» ABOUT THIS EXERCISE
Output, exactly as written, the lines below from the one that has "Kansas jayhawks 2014" through the one that has "LC Waikiki Pembe Ekose Tüvit Etek - Görsel 6"; nothing else, and no pictures.

» GIVEN DATA
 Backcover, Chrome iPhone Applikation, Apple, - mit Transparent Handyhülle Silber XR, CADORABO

---

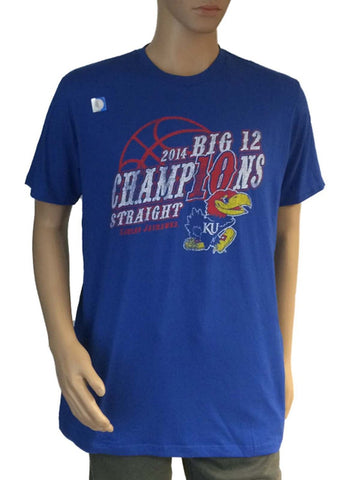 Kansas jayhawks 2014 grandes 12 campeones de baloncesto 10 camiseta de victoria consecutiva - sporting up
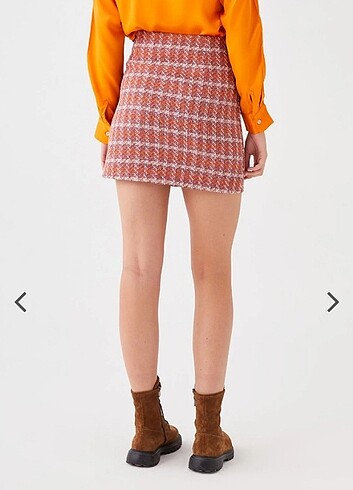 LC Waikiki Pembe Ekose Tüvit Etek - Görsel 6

==

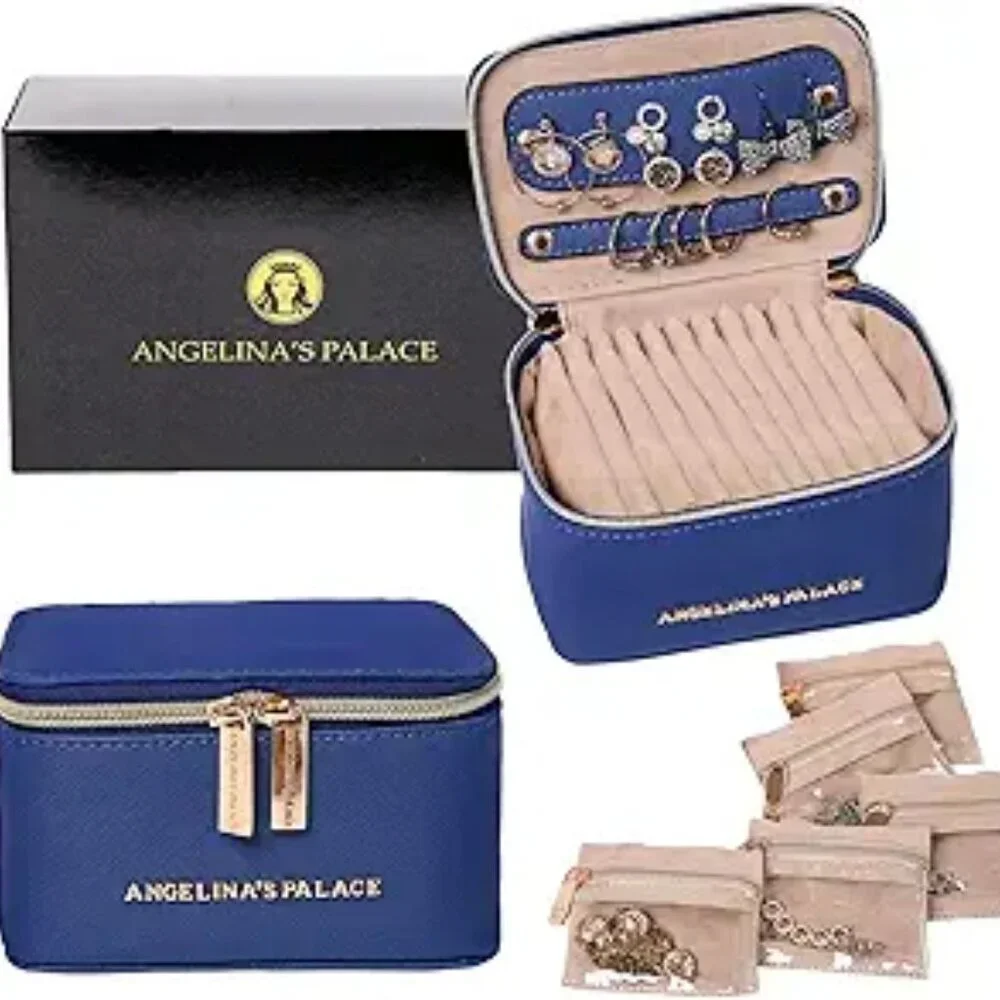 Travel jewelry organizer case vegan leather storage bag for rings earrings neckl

» RESPONSE AREA
 Kansas jayhawks 2014 grandes 12 campeones de baloncesto 10 camiseta de victoria consecutiva - sporting up
 LC Waikiki Pembe Ekose Tüvit Etek - Görsel 6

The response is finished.